### Records provided
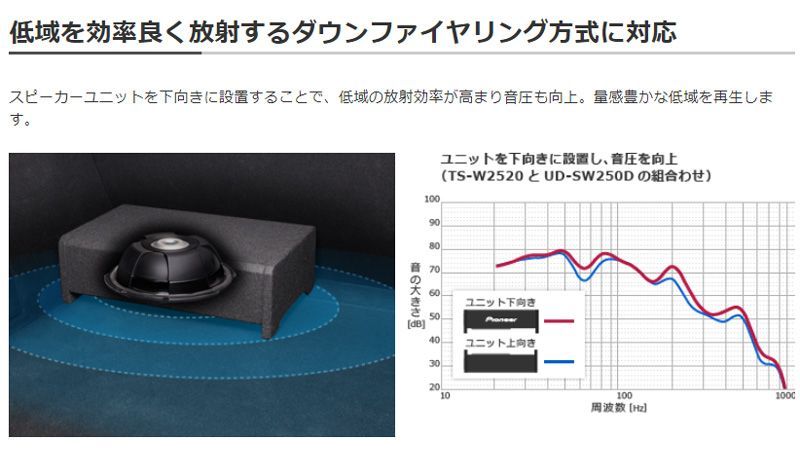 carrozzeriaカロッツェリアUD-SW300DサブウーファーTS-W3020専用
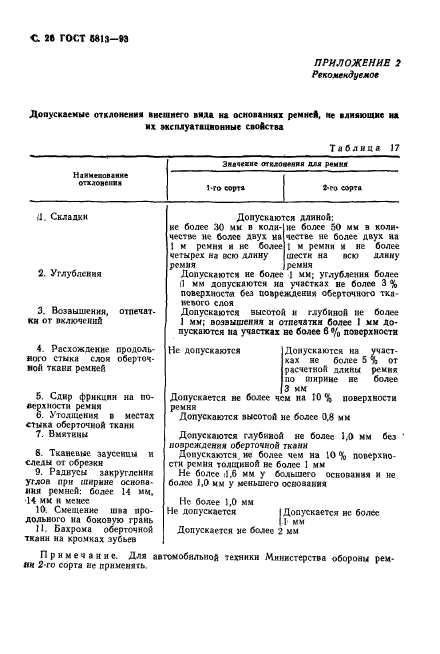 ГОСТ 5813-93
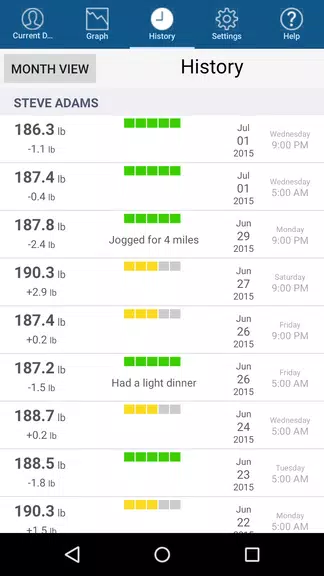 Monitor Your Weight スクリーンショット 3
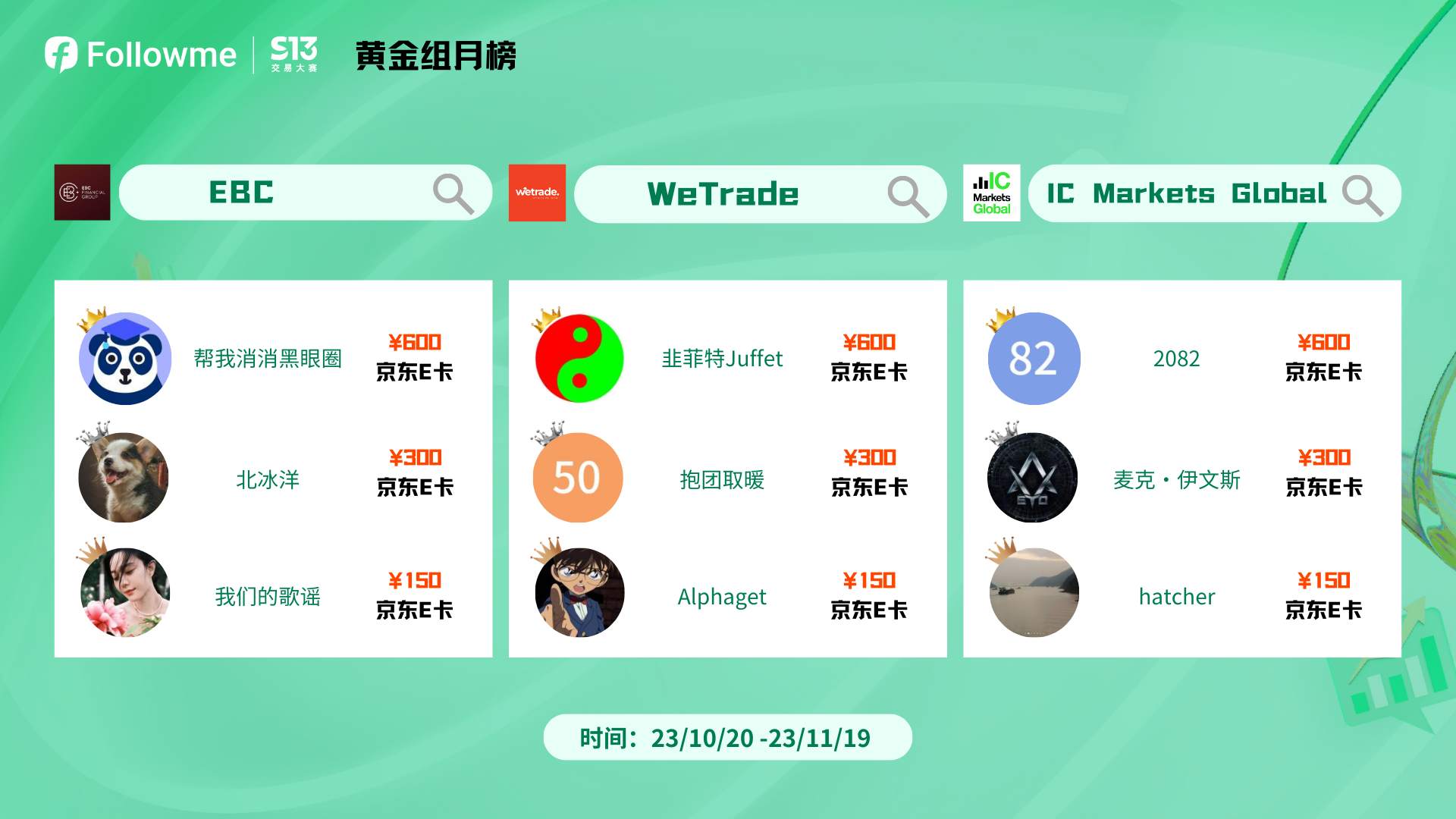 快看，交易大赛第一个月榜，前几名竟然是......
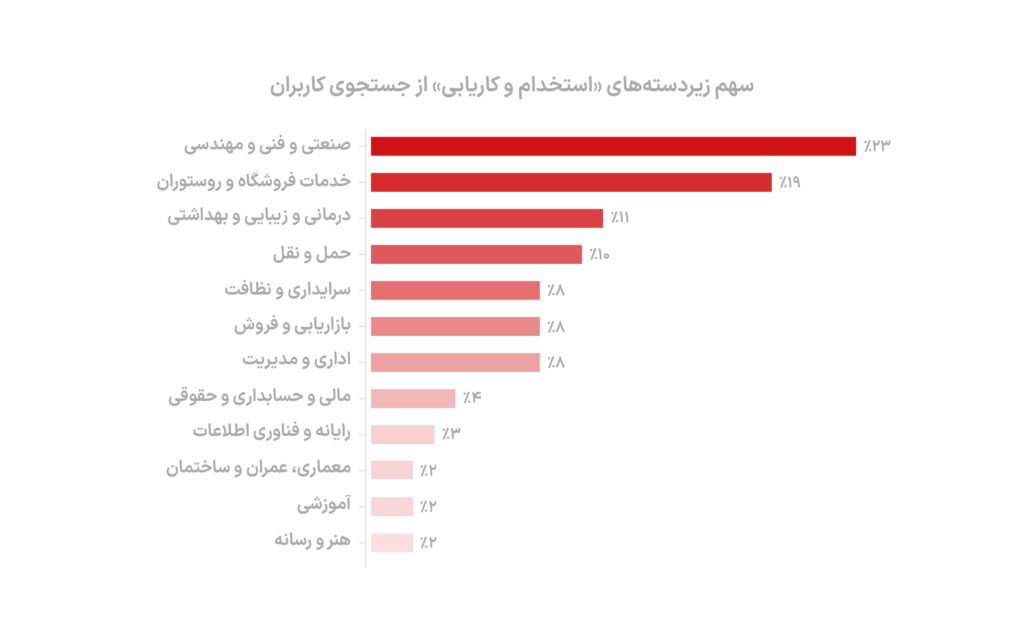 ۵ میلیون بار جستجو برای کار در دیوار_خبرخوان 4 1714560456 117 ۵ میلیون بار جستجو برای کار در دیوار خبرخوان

==

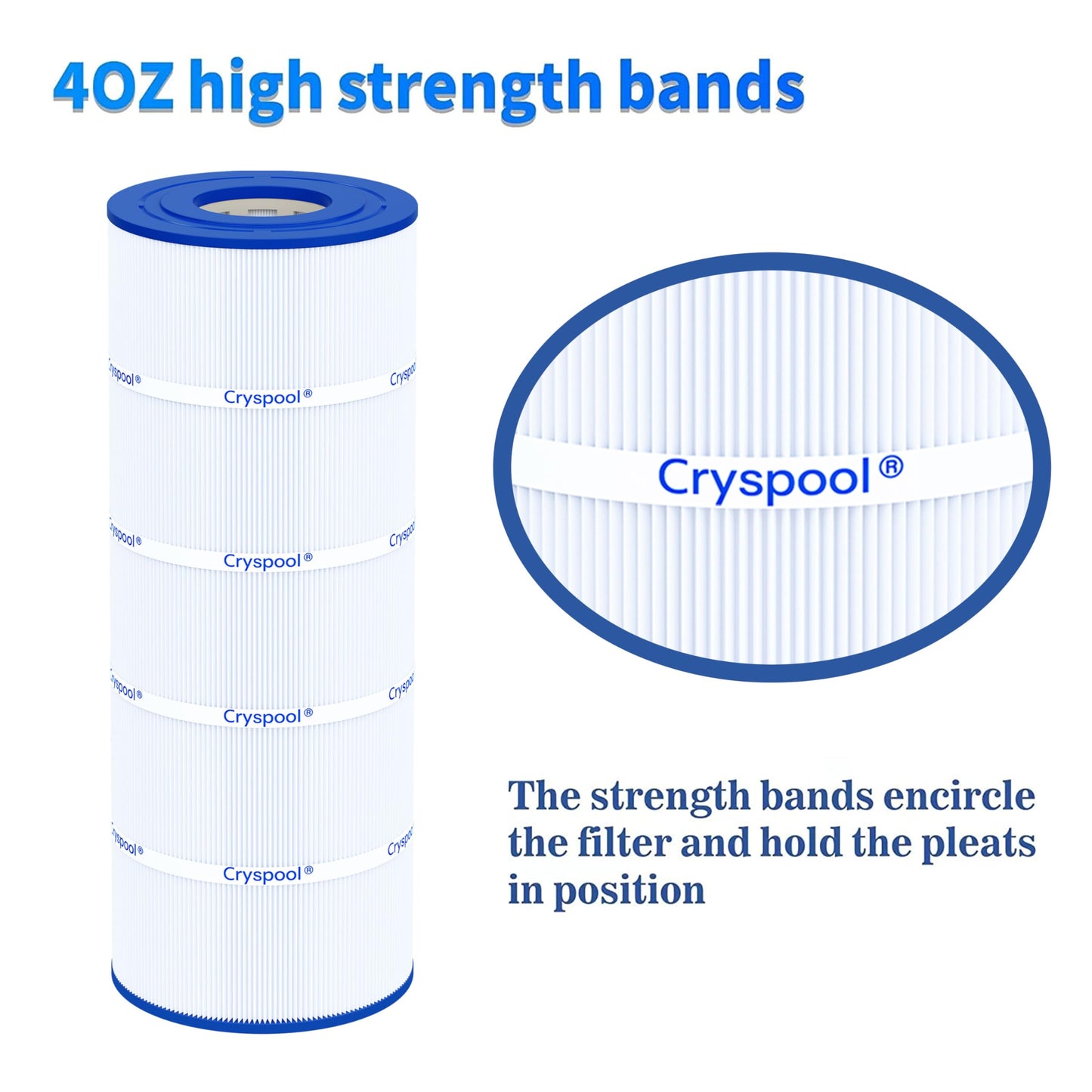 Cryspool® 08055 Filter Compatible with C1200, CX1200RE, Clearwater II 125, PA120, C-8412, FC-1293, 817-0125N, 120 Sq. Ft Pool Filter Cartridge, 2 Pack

==

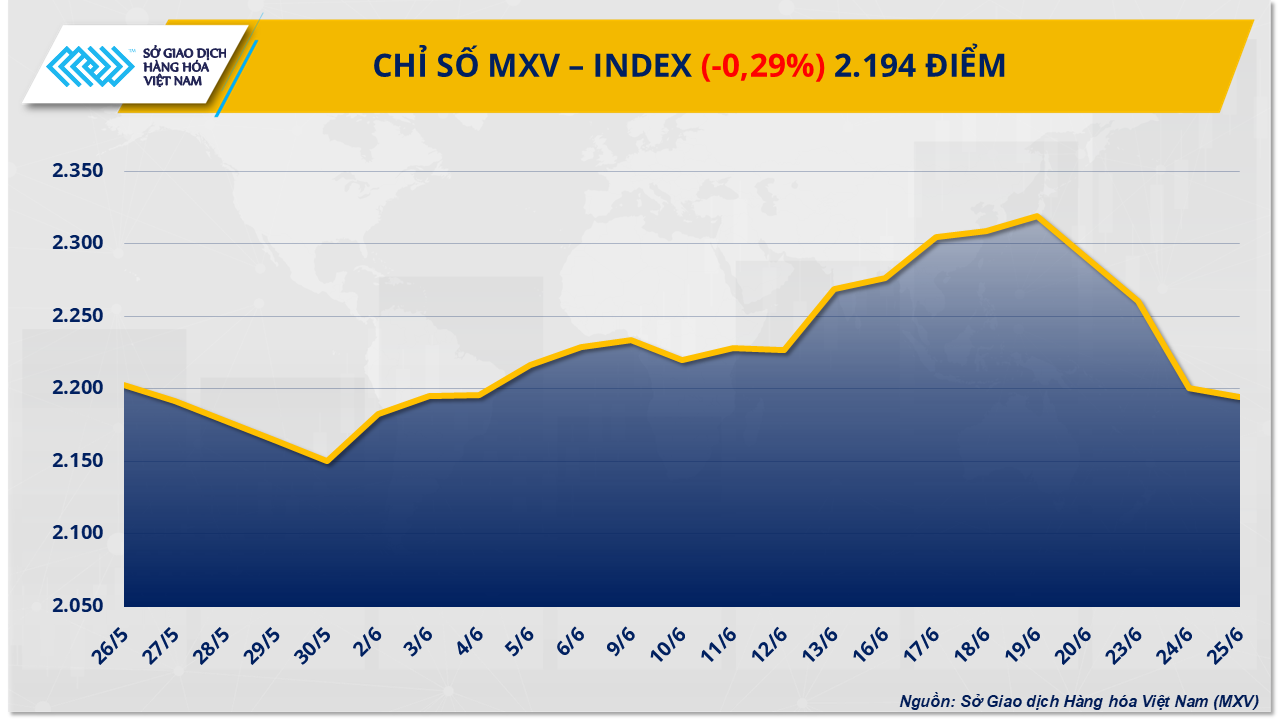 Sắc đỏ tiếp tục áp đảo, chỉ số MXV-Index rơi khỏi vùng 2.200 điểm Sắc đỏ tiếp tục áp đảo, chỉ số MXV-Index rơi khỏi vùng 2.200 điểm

### Prompt
The answer is the lines above from the one with "carrozzeriaカロッ" to the one with "۵ میلیون بار جستجو برای کار در دیوار_خبرخوان", set down exactly, with no pictures.

### Written reply
 carrozzeriaカロッツェリアUD-SW300DサブウーファーTS-W3020専用
 ГОСТ 5813-93
 Monitor Your Weight スクリーンショット 3
 快看，交易大赛第一个月榜，前几名竟然是......
 ۵ میلیون بار جستجو برای کار در دیوار_خبرخوان 4 1714560456 117 ۵ میلیون بار جستجو برای کار در دیوار خبرخوان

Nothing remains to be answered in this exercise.